• [Description of the task]:
Each record below must come back exactly as written; its pictures must not.

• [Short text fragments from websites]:
- Opening Delimiter -
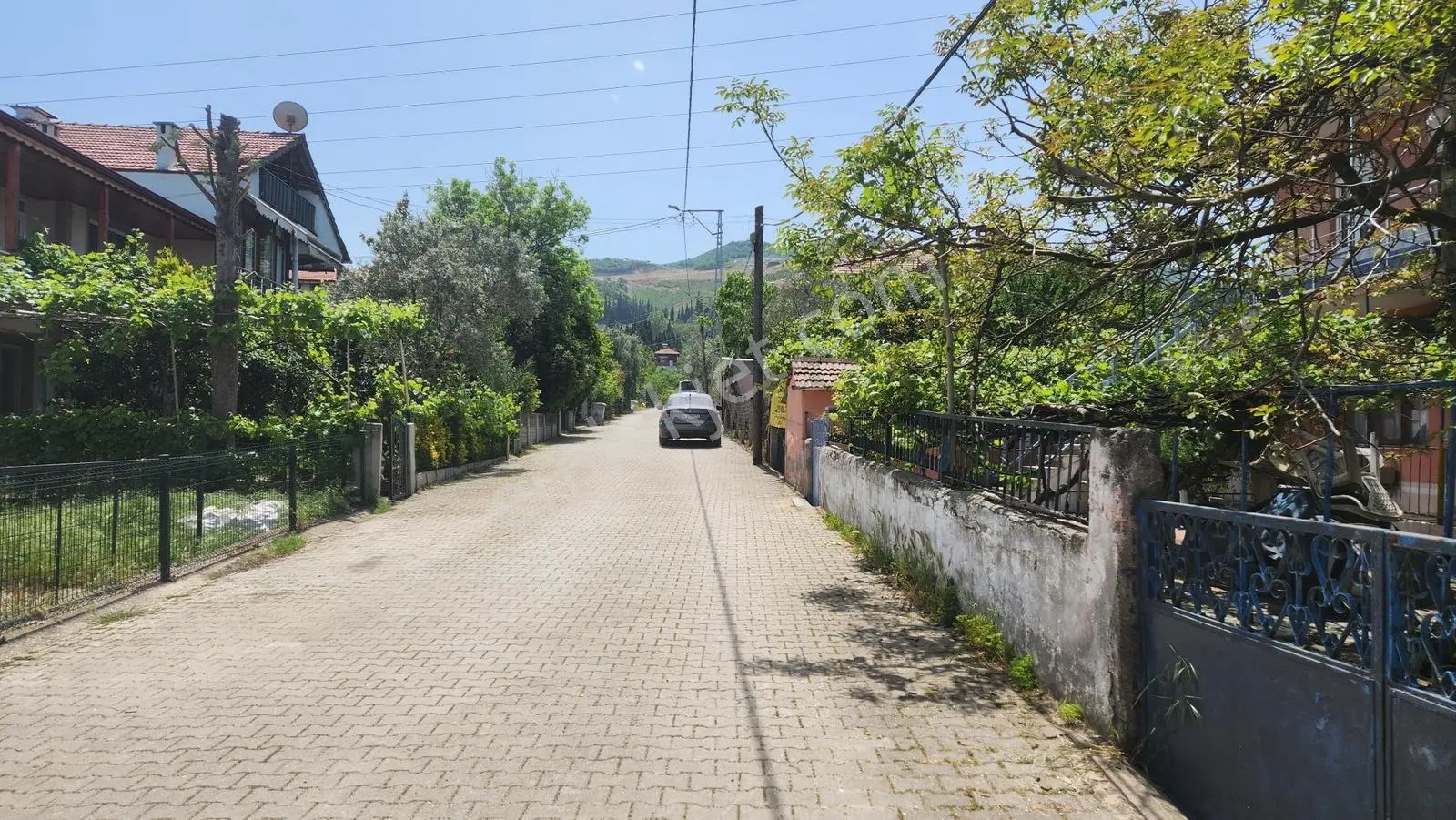 Konut İmarlı 863 M2 Anayola Yakın Arsa Ve Ev - Görsel 4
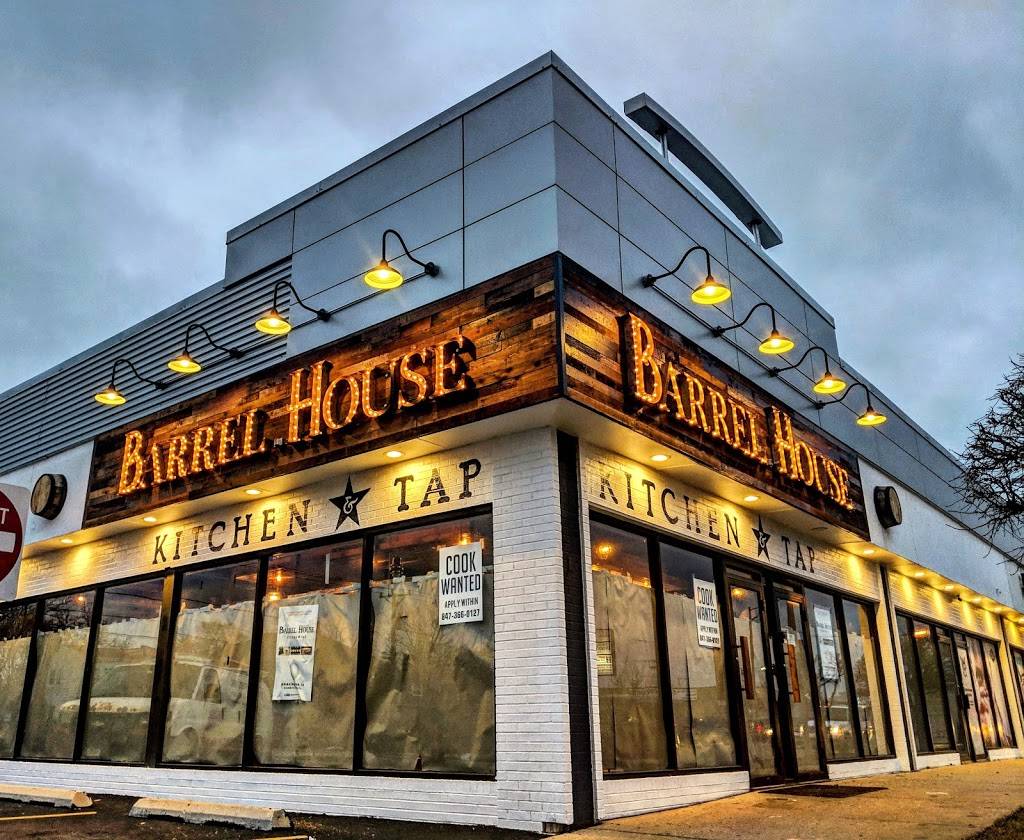 Barrel House Kitchen & Tap | restaurant | 5100 N Harlem Ave, Harwood Heights, IL 60706, USA | 7088315131 OR +1 708-831-5131
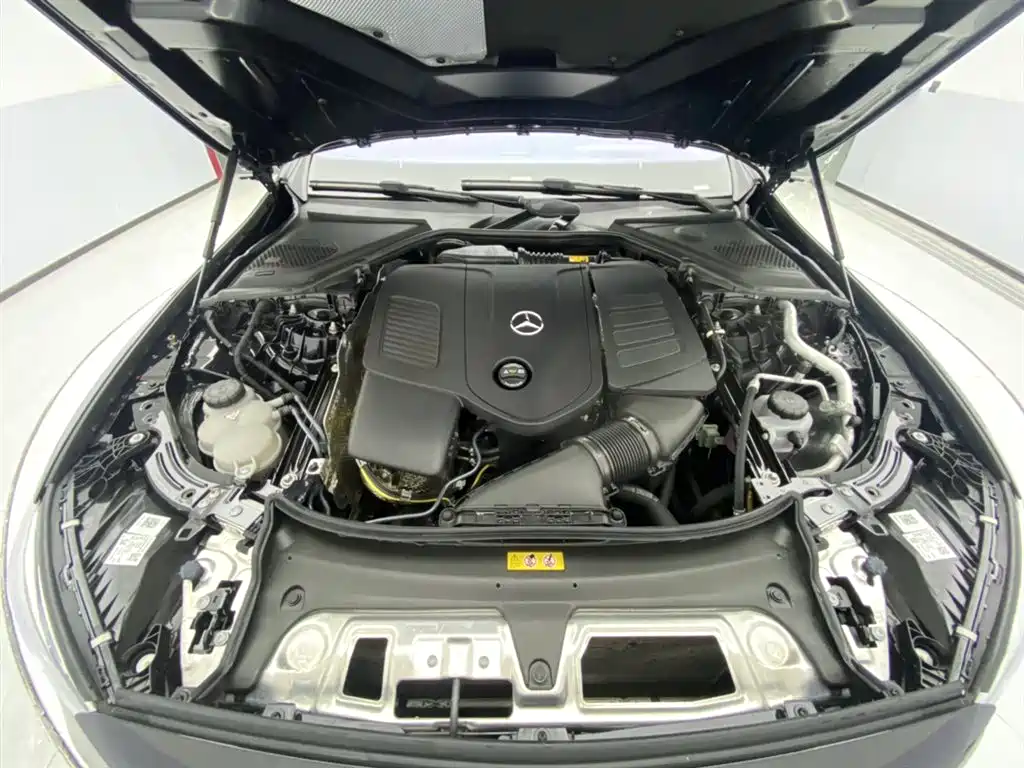 Mercedes-Benz E-Class 2024 E 300 L Fashion фото 12
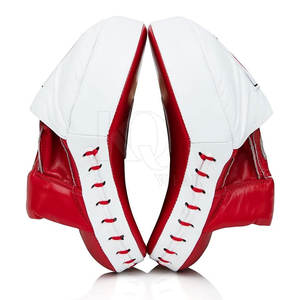 แผ่นซ้อมชกมวยคุณภาพสูง KALEEM QUALITY WEAR สำหรับฝึกซ้อมมวยไทยและคิกบ็อกซิ่ง ทำจากหนัง สะดวกสบาย ระบายอากาศได้ดี - Product Image 3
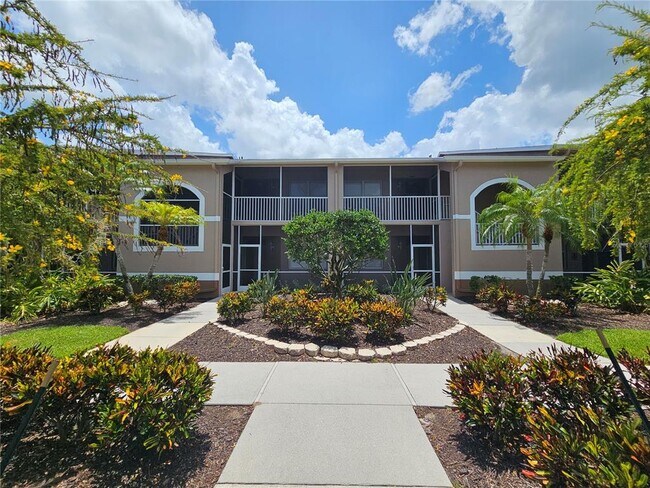 Building Photo - 5330 Hyland Hills Ave
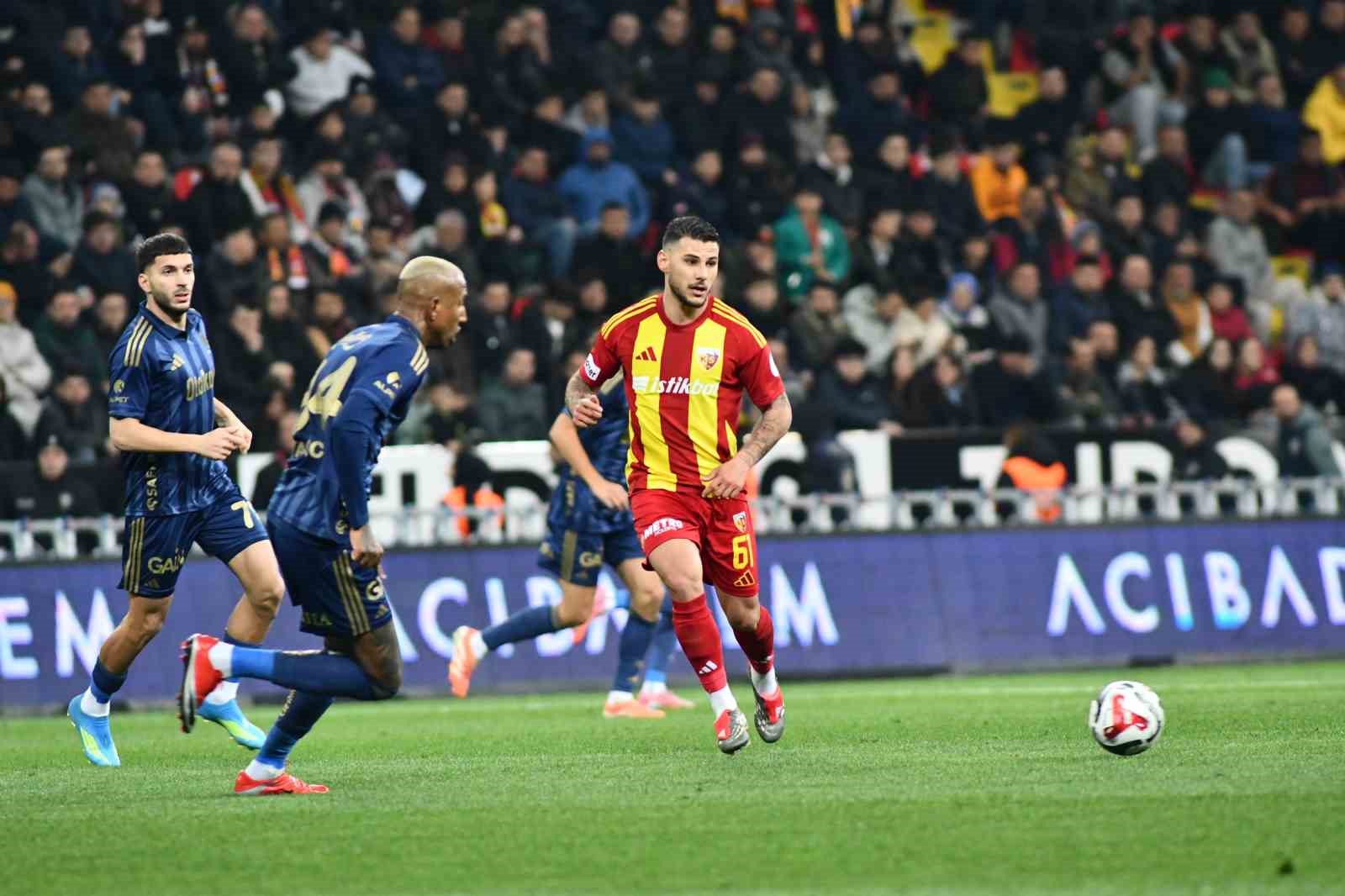 Trendyol Süper Lig: Kayserispor: 0 - Fenerbahçe: 4 (Maç sonucu)
Trendyol Süper Lig: Kayserispor: 0 - Fenerbahçe: 4 (Maç sonucu)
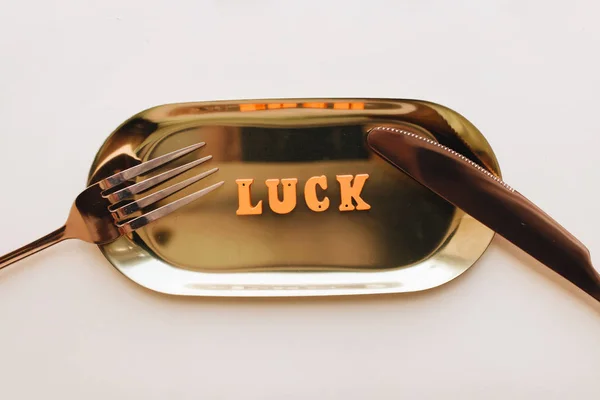 Letras Madera Coloridas Bandeja Metal Con Tenedor Cuchillo Letras Luck — Foto de Stock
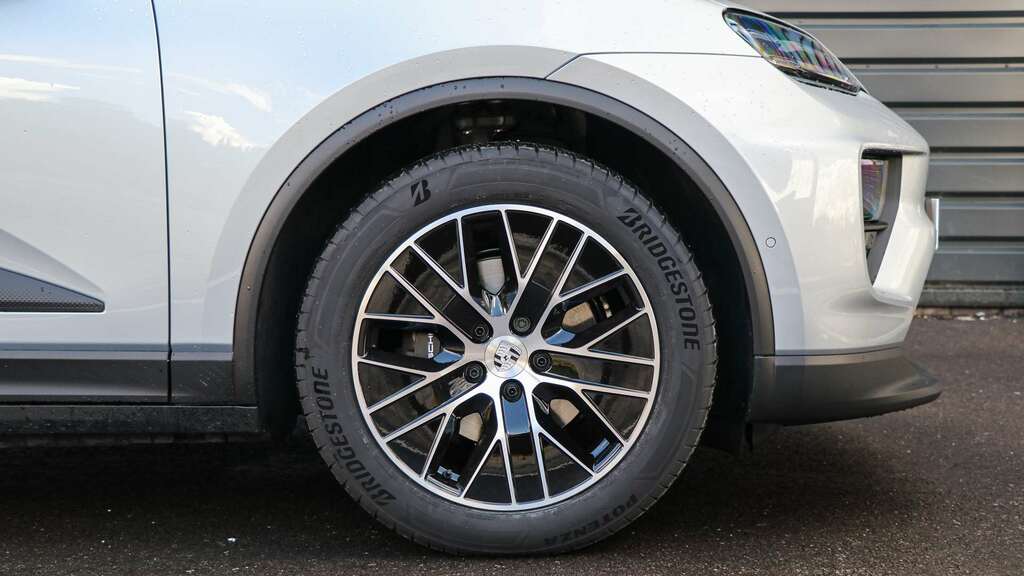Porsche Macan 4 2026 2026 Silver #6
- Closing Delimiter -
• [Written solution]:
 Konut İmarlı 863 M2 Anayola Yakın Arsa Ve Ev - Görsel 4
 Barrel House Kitchen & Tap | restaurant | 5100 N Harlem Ave, Harwood Heights, IL 60706, USA | 7088315131 OR +1 708-831-5131
 Mercedes-Benz E-Class 2024 E 300 L Fashion фото 12
 แผ่นซ้อมชกมวยคุณภาพสูง KALEEM QUALITY WEAR สำหรับฝึกซ้อมมวยไทยและคิกบ็อกซิ่ง ทำจากหนัง สะดวกสบาย ระบายอากาศได้ดี - Product Image 3
 Building Photo - 5330 Hyland Hills Ave
 Trendyol Süper Lig: Kayserispor: 0 - Fenerbahçe: 4 (Maç sonucu)
Trendyol Süper Lig: Kayserispor: 0 - Fenerbahçe: 4 (Maç sonucu)
 Letras Madera Coloridas Bandeja Metal Con Tenedor Cuchillo Letras Luck — Foto de Stock
Porsche Macan 4 2026 2026 Silver #6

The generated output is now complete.